Yeah baby, viajar virou um sistema de transporte encarregado de despachar, aos quatro cantos do mundo, a tribo dos Tecno-Zumbis. Gente que se isola do assento ao lado, ignora o comissário, esnoba o atendente de balcão. Todos muito "ocupados". Pessoas "muito importantes". Gente que trabalha durante o vôo, voa durante a reunião, fala ao celular enquanto come. Gente que não interage, que não saboreia, que não tem educação para desfrutar cada momento da vida. Gente que não compreende, não valoriza, não conhece ou se esqueceu da classe, da elegância, do quão especial eram as viagens aéreas de longo curso. Gente que simplesmente não saberia dar valor ao nível de serviço que um dia a Varig prestou.

Mudou tudo, pessoal. Hoje o passageiro quer comodidade, capacidade de escolha e privacidade. Vêm muito atrás, na escala de prioridades, o vinho servido, a receita do prato, a decoração da sobremesa. Dê aos distintos uma poltrona que reclina, com 187 pontos de conexão para os gadgets em epígrafe, e... voilá: Ah, isso é que é um bom serviço! Até porque, para saborear um vinho, desfrutar um prato, é preciso educação. Para ligar um palmtop, basta ter informação.

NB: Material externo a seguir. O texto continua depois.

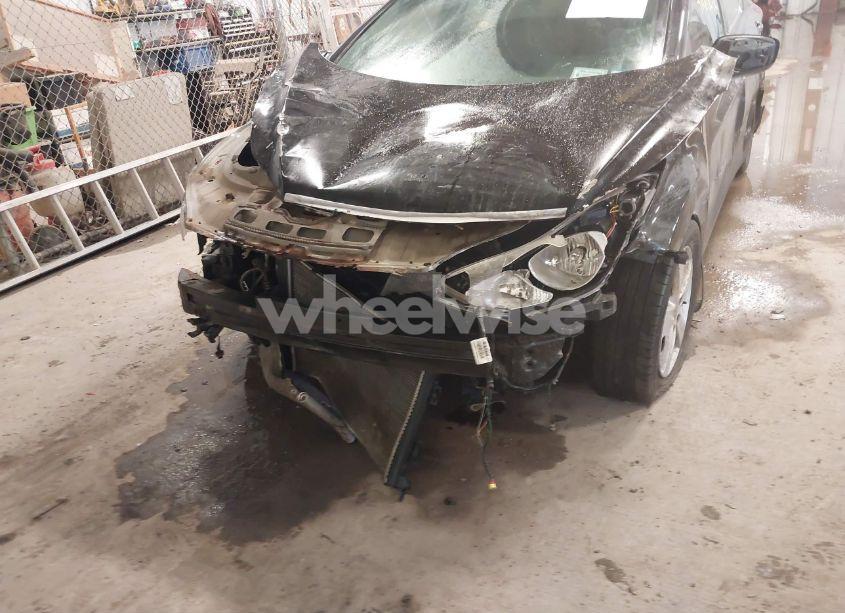 Photo 6 of 2013 Hyundai Elantra GLS (VIN 5NPDH4AE5DH432989)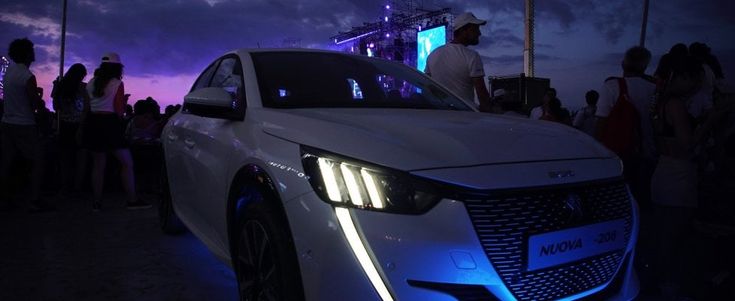 Jova Beach Party e nuova Peugeot 208, che coppia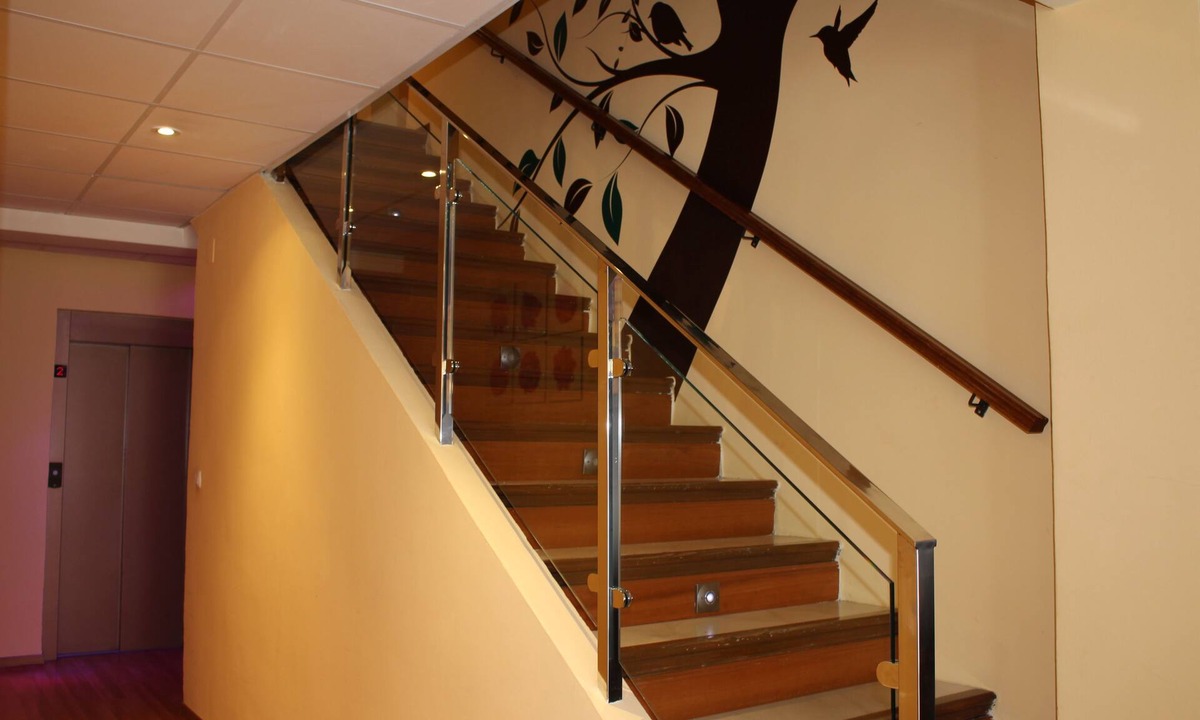 Albolote Hotel | Hotel La Curva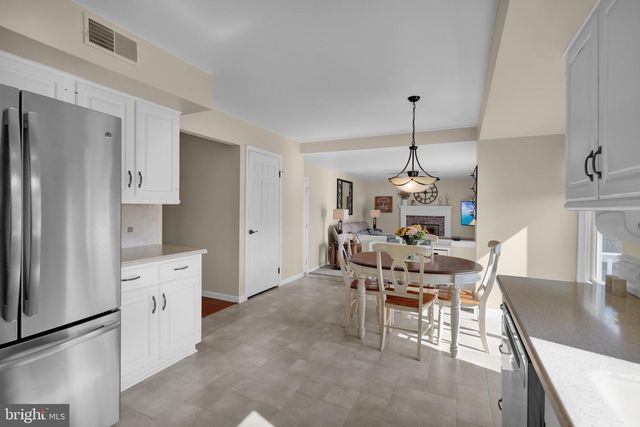 19 SAGE DR, Reading, PA 19608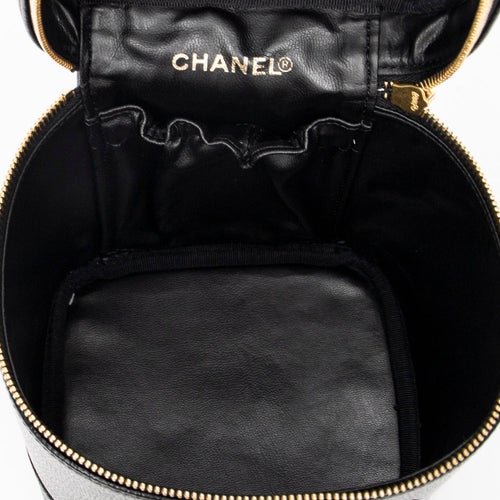 Chanel Interlocking CC CC Tall Vanity Case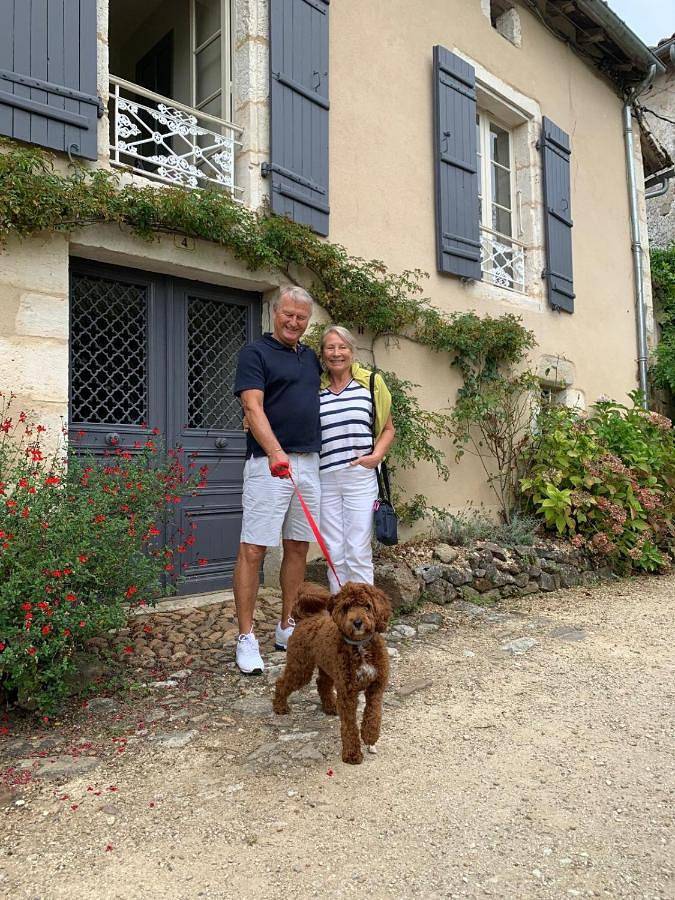 Location de vacances pour 6 personnes, avec piscine ainsi que jardin et vue à Saint-Saud-Lacoussière - 2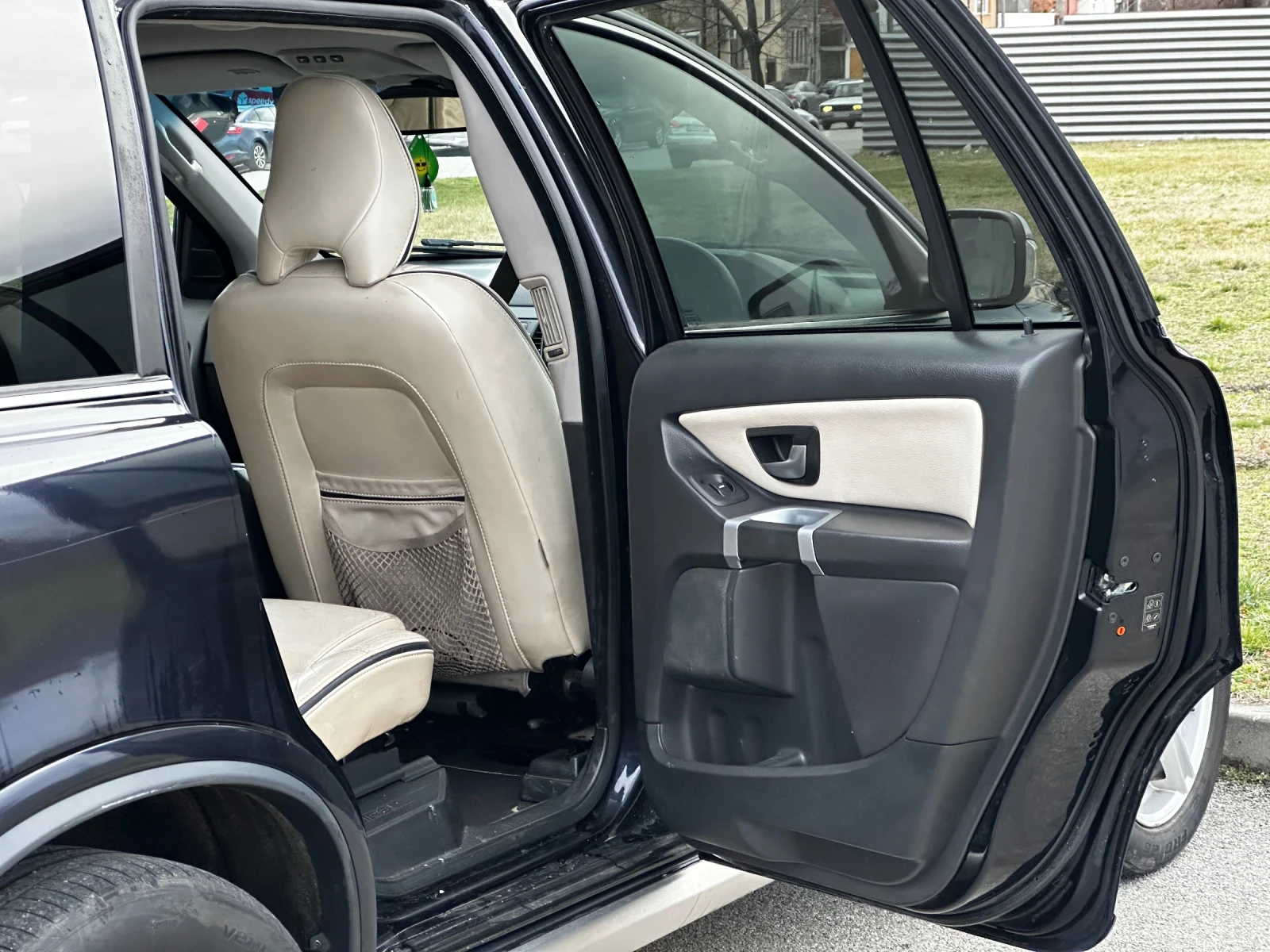 Volvo Xc90 2.4 R-Design - изображение 8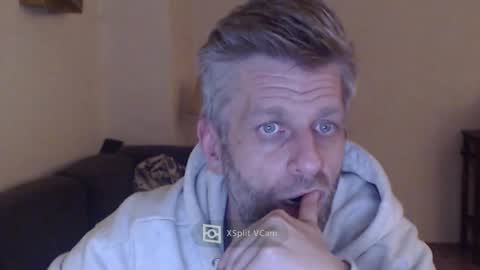 Snapshot of elculiador2207 chatting on January 13, 2025, 7:21 pm Timm online show from January 13, 2025, 7:21 pm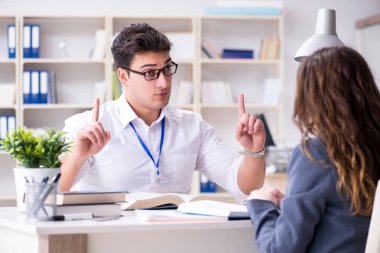 Satış yardımcısı müşteriyle işlemi tartışıyor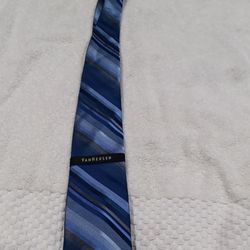 Van Heusen Blue Striped Necktie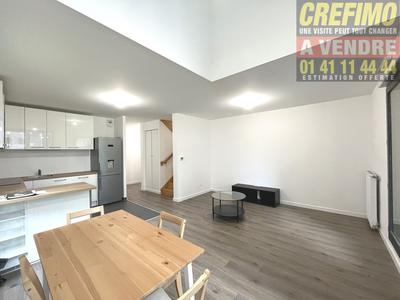 Appartement - 80 m² - 4 pièces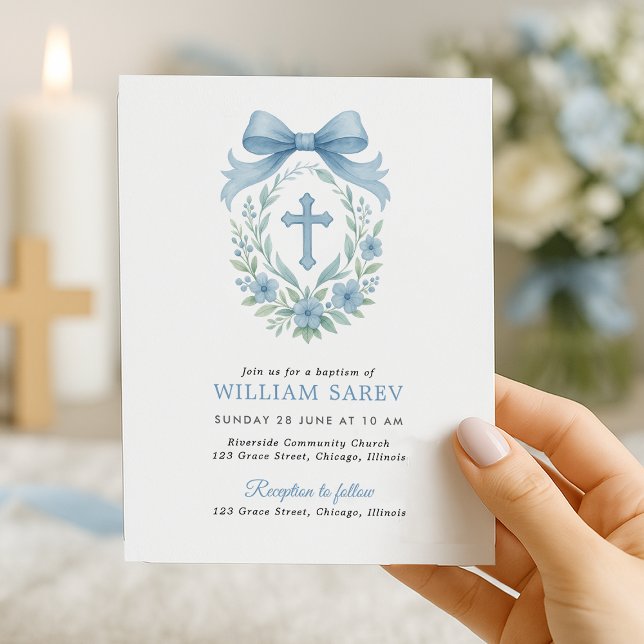 Papier Budget Simple Blue Boy Baptême Invitation avec Bow (Elegant boy baptism invite with blue bow and floral cross – held in hand near candlelight)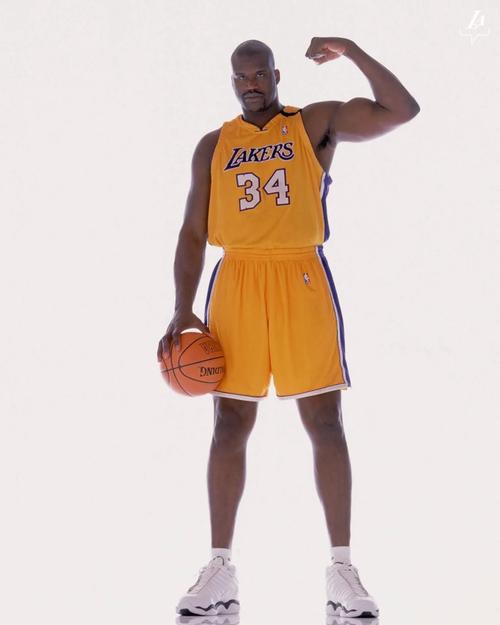 米兰vs拉齐奥：莱奥搭档恩昆库，莫德里奇、拉比奥出战（米兰对阵拉齐奥：莱奥联手恩昆库，莫德里奇、拉比奥登场）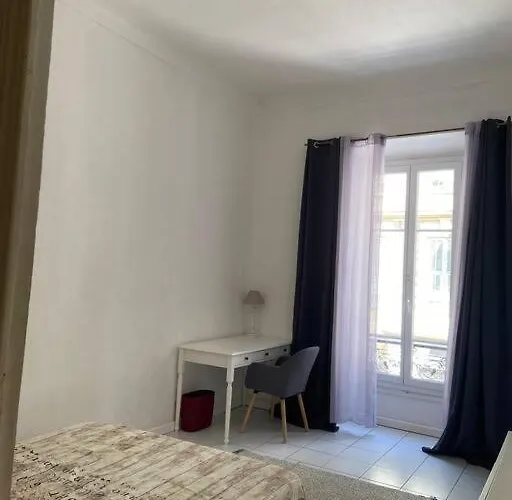 110m2 Plein Centre * Ницца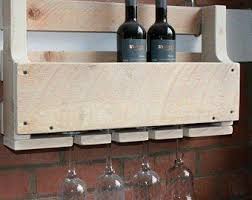 Ist eine reservierung im markt nicht möglich, organisiert der einrichtungsmarkt gerne vor.dimensions des diagonales, comparaisons et surface des écrans.table de conversion et de correspondance. Whiskey Shelf Wine Shelf Wine Whiskey Glass Shelf Glasses Etsy Wine Shelves Wine Rack Classic Shelves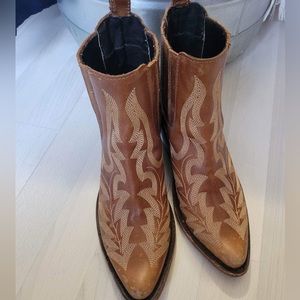 WOMEN'S SIMONE
CLASSIC EMBROIDERED PULL ON
FASHION BOOTIES - SNIP TOE Size 7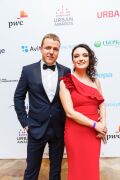 Надежда Корка (Группа ПСН) с коллегой на церемонии Urban Awards.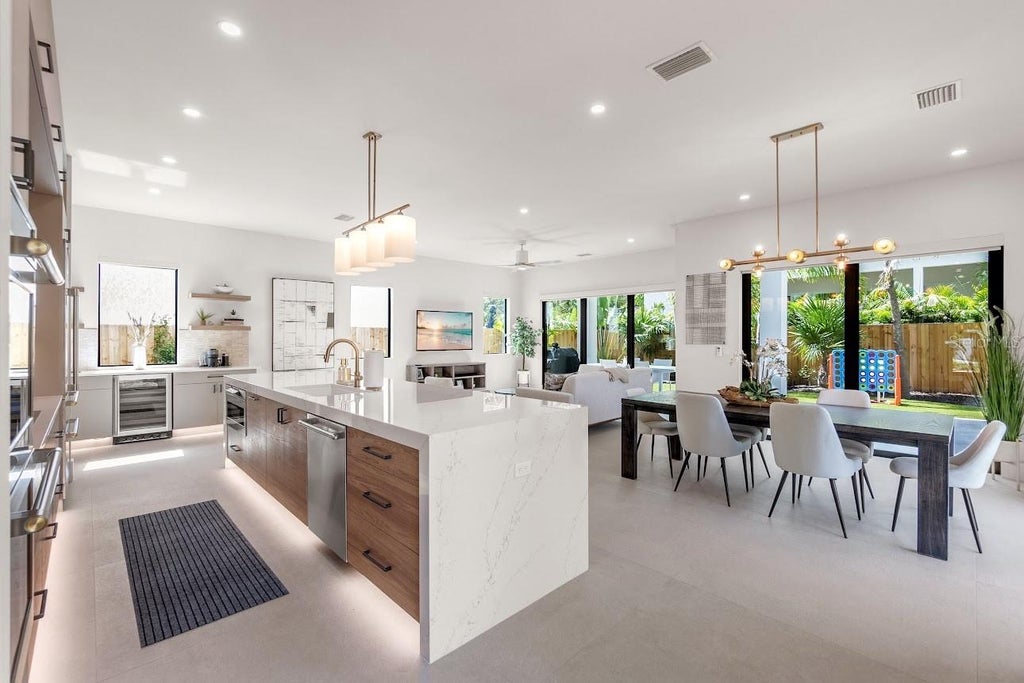 Photo of 2425 Temple Street, Sarasota, FL 34239 (MLS # A4707630)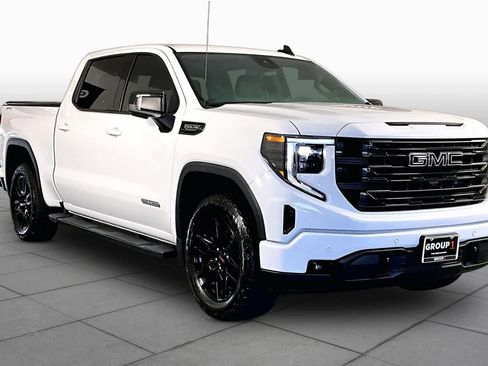 Used 2025 GMC Sierra 1500 Elevation w/ Elevation Premium Package AWD/4WD image 4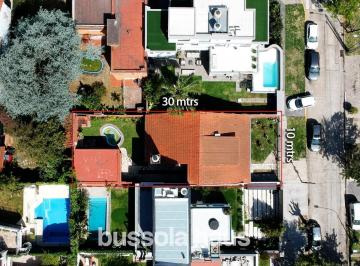 Casa · 275m² · 10 Ambientes · 3 Cocheras · Casa en Venta en Vicente López Barrio Platense Florida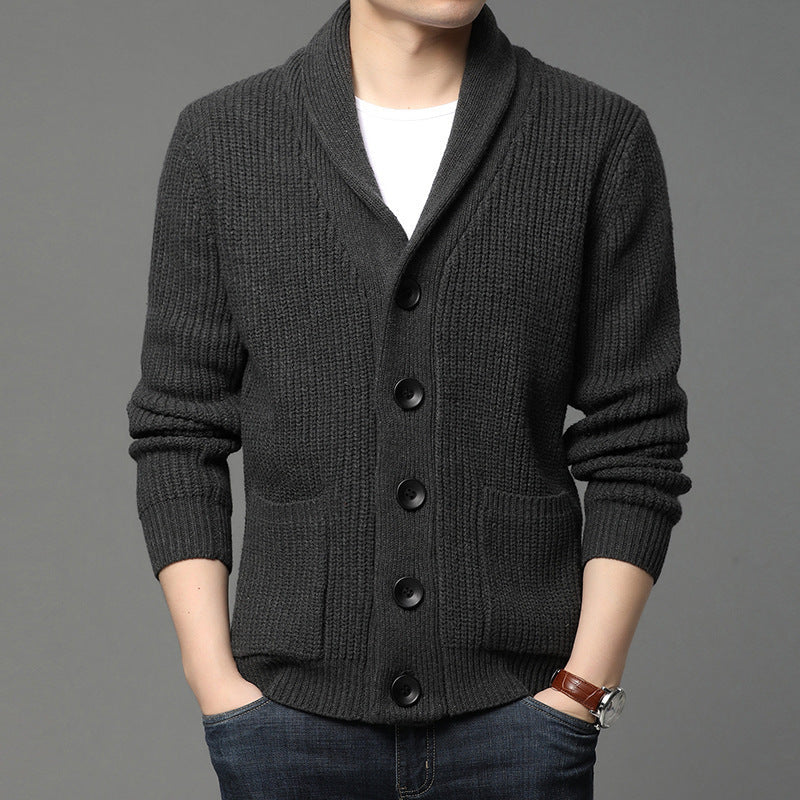 Herren Strickjacke mit hoch geschlossenem Kragen und praktischen Taschen Aliams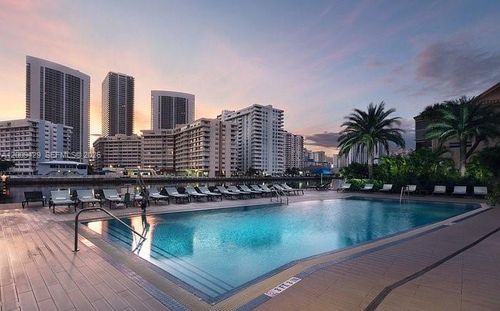 r1708-2602 E Hallandale Beach Blvd, Hallandale Beach, FL, 33009-4819 | Card Image
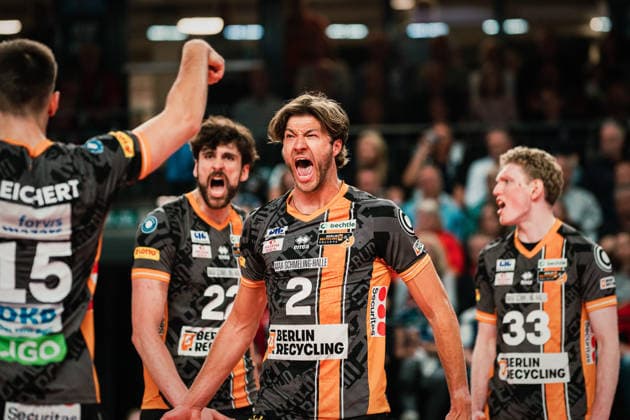 VBL SVG Lüneburg vs Berlin Recycling Volleys, 06 05 2026 Matthew Knigge Berlin Recycling Volleys, 2 cheers Volleyball Bundesliga, Playoffs, Final, Game 3 SVG Lüneburg vs Berlin Recycling Volleys on 06 05 2026 in the LKH Arena, Lüneburg Copyright: xBEAUTIFULxSPORTS Tonhäuserx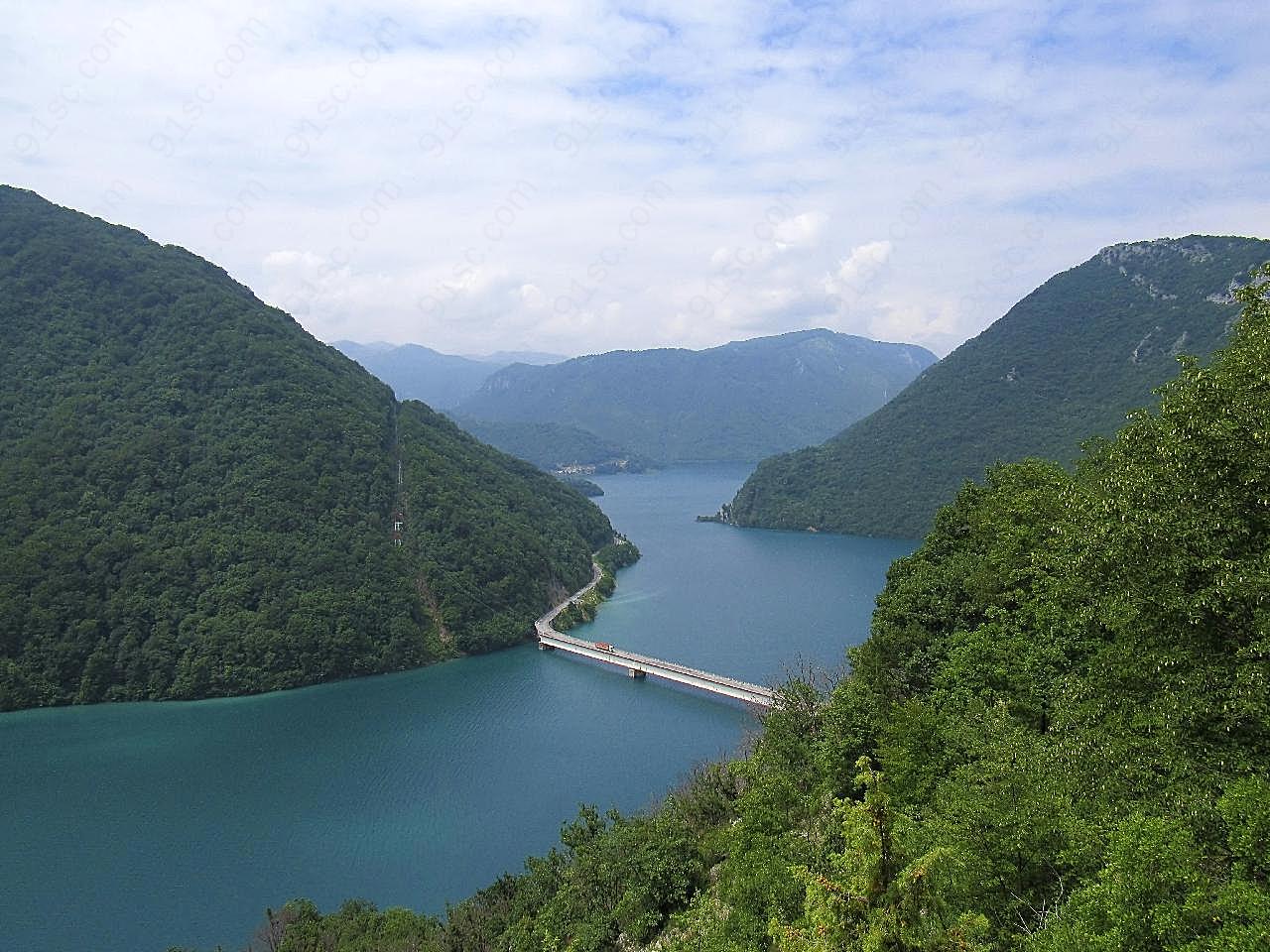 山水湖泊旅游景观图片自然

Para gente assim é que trabalham as companhias aéreas de hoje em dia. Com pragmatismo e busca incessante de resultados. Não estão dando dinheiro as rotas da Europa? Corta elas, cara-pálida. E corta já. Não dá para ficar lamentando, pensando "Puxa, a Varig sai de Frankfurt, único destino na Europa que serviu, sem interrupções, desde fevereiro de 1965." A VRG é quem abandonou essas rotas, em busca de serviços mais rentáveis. A Varig, repito, parou em 2006.

Quer saber? É assim que tem que ser. Se as rotas da Europa não dão retorno, bota os aviões para voar para Miami, New York, ou para outro destino onde os passageiros queiram ir - e paguem por isso. Pode apostar que a VRG voará para os Estados Unidos antes do previsto, provavelmente no primeiro semestre de 2008.

Então, permita-me reescrever o enunciado de seu comunicado, dona Gol. O que mudou foi a tática: ao invés de voar perdendo dinheiro para a Europa, voemos ganhando dinheiro onde for possível. A estratégia continua igual: rentabilizar ao máximo cada parafuso, cada Boeing, cada hora/homem dos colaboradores da empresa.

Foi seguindo essa "estratégia" que a Gol prosperou. Foi ignorando essa "estratégia" que a Varig desapareceu.